> **Exercise aim**
Look through the entries below for the line with "Softdart Spitzen L-Style" and the line with "Sale SONGMICS Ergonomischer", then give again exactly those two lines and all lines between them, minus the pictures.

> **Source data**

================================

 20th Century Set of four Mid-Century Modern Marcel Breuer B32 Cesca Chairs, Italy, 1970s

================================

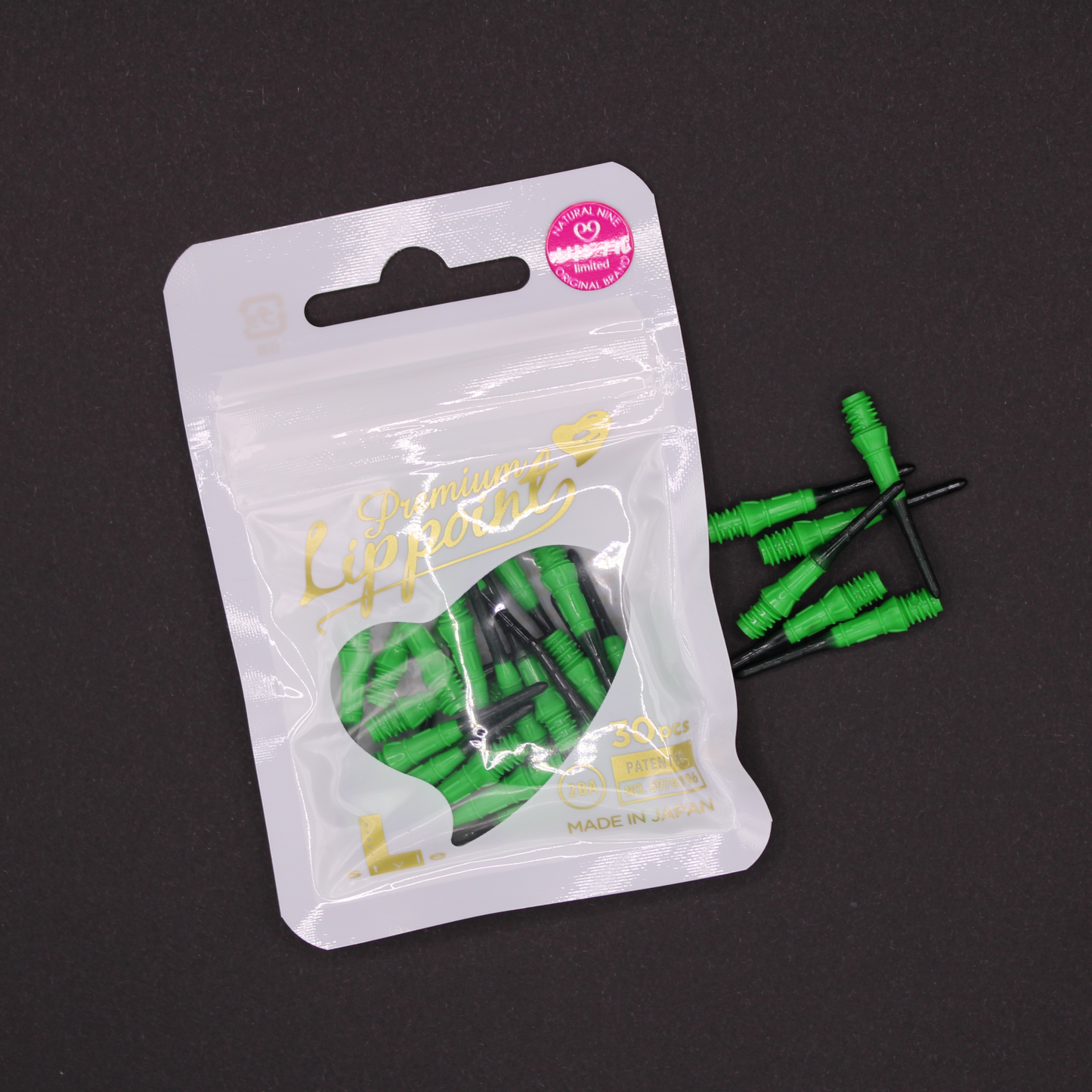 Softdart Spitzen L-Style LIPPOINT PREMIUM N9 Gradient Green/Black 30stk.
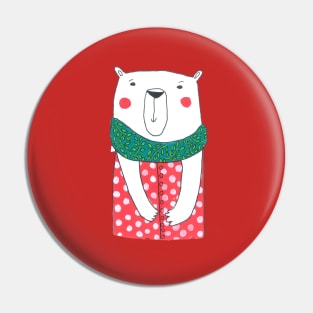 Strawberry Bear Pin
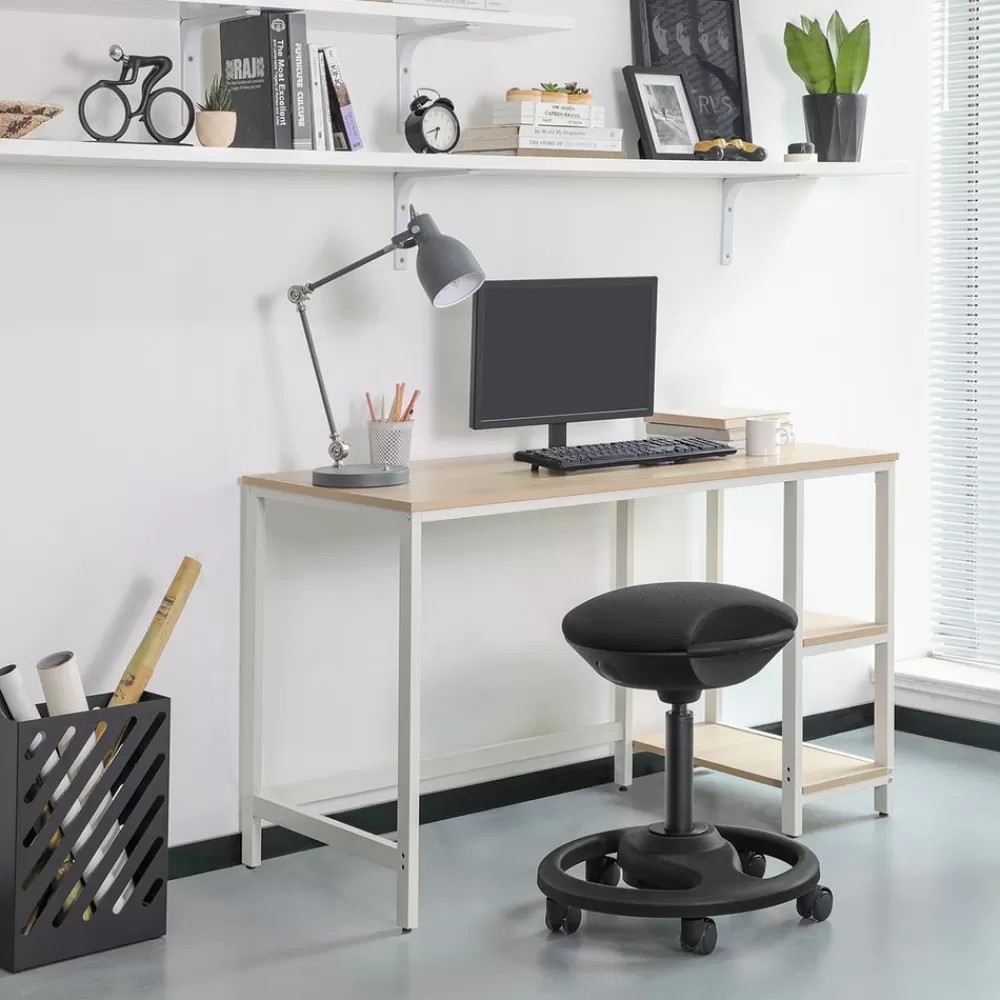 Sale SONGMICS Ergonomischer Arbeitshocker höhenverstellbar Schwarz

================================

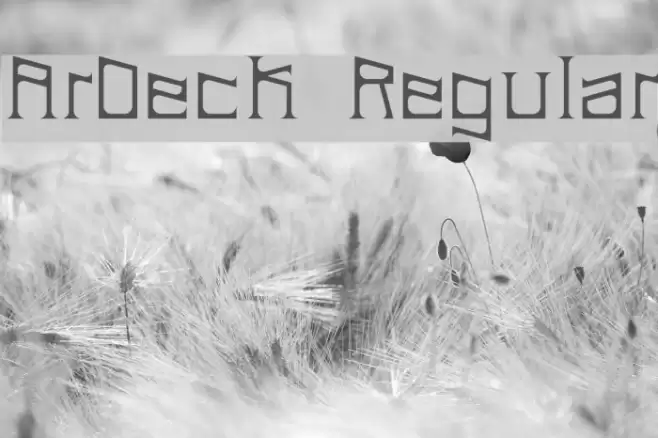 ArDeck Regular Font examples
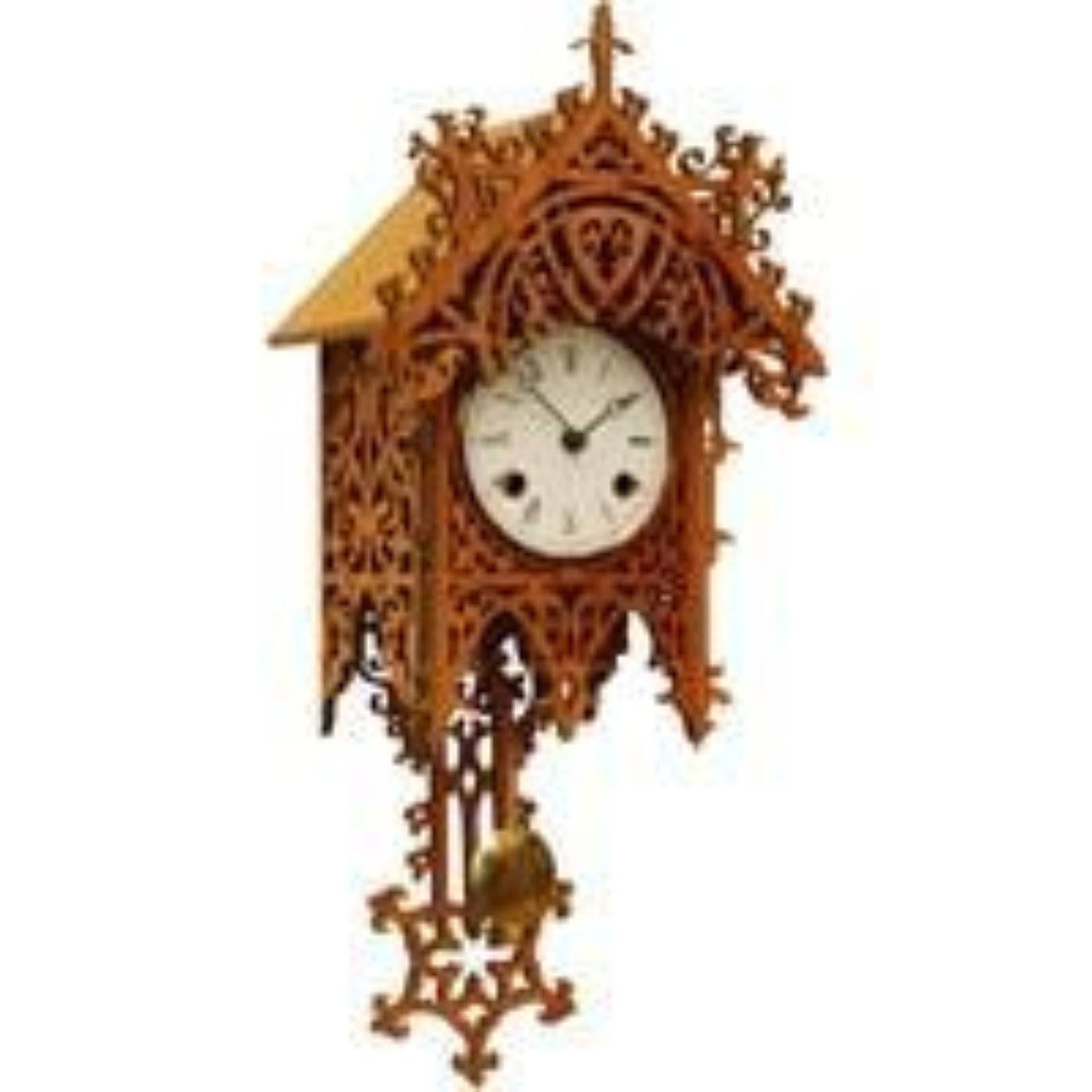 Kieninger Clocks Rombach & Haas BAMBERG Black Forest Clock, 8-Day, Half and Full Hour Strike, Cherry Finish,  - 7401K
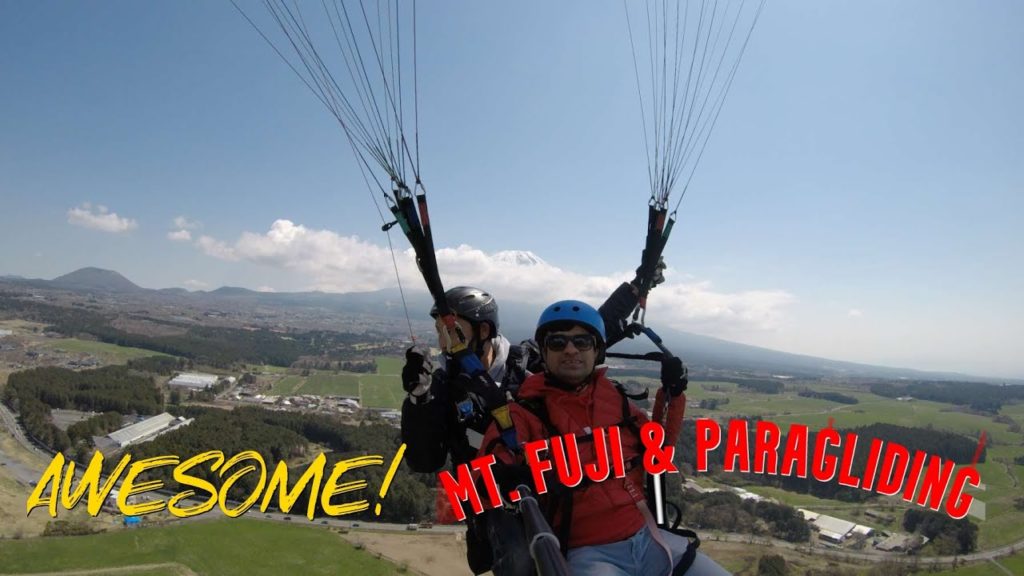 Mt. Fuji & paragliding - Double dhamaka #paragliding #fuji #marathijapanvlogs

================================

> **Task response**
 Softdart Spitzen L-Style LIPPOINT PREMIUM N9 Gradient Green/Black 30stk.
 Strawberry Bear Pin
 Sale SONGMICS Ergonomischer Arbeitshocker höhenverstellbar Schwarz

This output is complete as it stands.